“As a lecturer at the University of Vic (a small city 40 miles north of Barcelona), I have been accompanying groups of Social Education students on visits to community-based projects in Balsall Heath for the last 9 or 10 years. Our interest is in showing students the kind of bottom-up community self-organisation that has been such a feature of Balsall Heath’s recent past. Obviously, St Paul’s Community Development Trust is one of the organisations we visit because of the key role it has played over the last 40 years.
For the past two years, we have also been fortunate enough to be able to place students at St Paul’s School, where they have completed 3-month in-service training placements as part of their degree course. In both cases, the students have returned to Vic enormously enthused by the experience, and convinced that the work being done in St Paul’s School, though incredibly challenging, has given them a model for how they would like to work in the future.
One of the most frequent criticisms among our students, during their degree course, is that the core values that we at the university try to instil in them, of developing working relationships with the ‘clients’/’users’ based on mutual respect and trust, are not always in evidence in the contacts they have with placement centres. This is where St Paul’s School has stood out: the concepts of respect, trust, mutual support, and belief in the capacities and potential of the young people the school works with are not just empty slogans or articles of blind faith, they are at the very heart of all the work the school does, and of the relationships built between staff and pupils.

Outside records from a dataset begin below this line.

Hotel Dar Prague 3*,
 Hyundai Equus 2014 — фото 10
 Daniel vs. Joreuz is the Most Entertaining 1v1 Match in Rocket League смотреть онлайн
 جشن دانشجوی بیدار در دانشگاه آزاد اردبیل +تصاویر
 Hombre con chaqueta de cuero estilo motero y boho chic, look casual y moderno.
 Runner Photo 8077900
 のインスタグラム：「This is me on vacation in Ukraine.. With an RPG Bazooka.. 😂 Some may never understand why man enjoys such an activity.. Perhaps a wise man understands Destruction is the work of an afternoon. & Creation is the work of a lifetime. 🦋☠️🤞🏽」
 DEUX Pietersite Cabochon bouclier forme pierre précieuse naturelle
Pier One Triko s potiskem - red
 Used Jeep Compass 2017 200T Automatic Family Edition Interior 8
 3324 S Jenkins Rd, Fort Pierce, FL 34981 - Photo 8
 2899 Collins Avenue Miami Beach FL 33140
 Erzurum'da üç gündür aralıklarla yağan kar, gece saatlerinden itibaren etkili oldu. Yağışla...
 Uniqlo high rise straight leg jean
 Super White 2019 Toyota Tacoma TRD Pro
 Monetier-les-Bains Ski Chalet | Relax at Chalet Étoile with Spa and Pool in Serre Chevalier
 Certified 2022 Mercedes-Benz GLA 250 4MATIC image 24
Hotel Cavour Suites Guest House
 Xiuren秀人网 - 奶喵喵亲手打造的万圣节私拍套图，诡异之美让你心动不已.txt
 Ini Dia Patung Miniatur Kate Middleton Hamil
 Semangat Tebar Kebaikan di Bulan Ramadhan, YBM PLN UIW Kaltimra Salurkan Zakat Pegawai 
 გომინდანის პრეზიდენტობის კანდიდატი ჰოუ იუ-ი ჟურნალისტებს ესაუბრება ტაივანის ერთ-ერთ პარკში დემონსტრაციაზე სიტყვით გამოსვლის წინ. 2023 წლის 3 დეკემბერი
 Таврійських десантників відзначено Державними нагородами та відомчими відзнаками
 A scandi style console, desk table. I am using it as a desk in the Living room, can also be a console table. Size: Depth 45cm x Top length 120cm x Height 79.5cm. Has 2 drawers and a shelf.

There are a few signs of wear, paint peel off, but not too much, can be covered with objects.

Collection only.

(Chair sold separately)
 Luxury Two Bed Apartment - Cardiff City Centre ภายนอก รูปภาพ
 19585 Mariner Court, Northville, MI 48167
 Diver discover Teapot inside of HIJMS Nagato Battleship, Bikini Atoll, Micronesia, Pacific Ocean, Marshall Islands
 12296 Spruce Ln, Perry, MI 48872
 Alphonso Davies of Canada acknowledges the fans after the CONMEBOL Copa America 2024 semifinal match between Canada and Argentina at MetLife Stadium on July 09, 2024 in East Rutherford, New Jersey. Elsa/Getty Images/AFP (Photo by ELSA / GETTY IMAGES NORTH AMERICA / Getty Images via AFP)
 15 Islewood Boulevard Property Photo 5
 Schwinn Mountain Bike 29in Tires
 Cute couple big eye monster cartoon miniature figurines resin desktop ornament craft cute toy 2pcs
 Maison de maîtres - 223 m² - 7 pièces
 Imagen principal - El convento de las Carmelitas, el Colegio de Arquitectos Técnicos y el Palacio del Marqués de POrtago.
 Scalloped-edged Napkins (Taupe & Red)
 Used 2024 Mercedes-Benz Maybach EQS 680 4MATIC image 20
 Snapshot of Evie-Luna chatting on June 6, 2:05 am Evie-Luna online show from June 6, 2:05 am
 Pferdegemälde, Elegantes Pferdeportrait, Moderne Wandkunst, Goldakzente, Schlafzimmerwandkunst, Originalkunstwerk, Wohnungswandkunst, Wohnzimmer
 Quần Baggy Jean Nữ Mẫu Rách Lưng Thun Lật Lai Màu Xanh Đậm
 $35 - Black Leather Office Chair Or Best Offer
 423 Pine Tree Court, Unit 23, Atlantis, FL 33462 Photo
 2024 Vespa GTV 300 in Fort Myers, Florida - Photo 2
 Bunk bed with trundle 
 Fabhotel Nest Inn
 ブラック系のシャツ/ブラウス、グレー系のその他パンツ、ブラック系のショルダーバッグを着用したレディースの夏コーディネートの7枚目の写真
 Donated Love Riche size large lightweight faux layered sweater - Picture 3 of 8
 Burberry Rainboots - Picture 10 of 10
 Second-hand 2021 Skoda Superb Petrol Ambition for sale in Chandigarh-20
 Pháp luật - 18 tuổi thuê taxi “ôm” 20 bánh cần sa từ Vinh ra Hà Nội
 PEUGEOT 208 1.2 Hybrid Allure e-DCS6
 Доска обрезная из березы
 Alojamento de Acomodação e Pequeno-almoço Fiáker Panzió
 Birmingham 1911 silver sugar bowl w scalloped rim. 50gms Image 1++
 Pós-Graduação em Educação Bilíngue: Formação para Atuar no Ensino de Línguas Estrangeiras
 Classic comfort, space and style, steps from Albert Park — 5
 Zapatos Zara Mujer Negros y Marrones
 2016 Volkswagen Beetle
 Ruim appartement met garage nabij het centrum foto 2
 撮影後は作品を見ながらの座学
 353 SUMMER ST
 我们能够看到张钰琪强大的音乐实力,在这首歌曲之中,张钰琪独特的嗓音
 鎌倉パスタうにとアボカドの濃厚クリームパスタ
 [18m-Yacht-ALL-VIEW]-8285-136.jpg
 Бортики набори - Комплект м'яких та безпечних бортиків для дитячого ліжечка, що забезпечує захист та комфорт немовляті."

This attitude has also marked the relationships our students have been able to develop during their time at St Paul’s: the conviction among the staff that they still need to learn, that they are not ‘the experts’ who have ‘mastered’ the work they do but are instead conscious of the need to improve, to change, to move forward, has meant that our students have felt valued for the ideas, experiences and energy they have contributed during their time in the school. The fact that the school has been so open to them, and has supported them at every moment of their placement, means that relationships have developed of an intensity that is exceptional.
Our students have returned to Vic changed by their experiences, and with a renewed conviction that working in an open, honest and respectful way is not just possible, but absolutely necessary. For that reason, we are currently talking here at the university about ways of strengthening the relationship we have with St Paul’s, including planning a visit by one or more members of the St Paul’s staff to Vic to talk to our students and also, to people working in equivalent settings here in Catalunya.
I firmly believe we have much to learn from their experience, and their way of working.”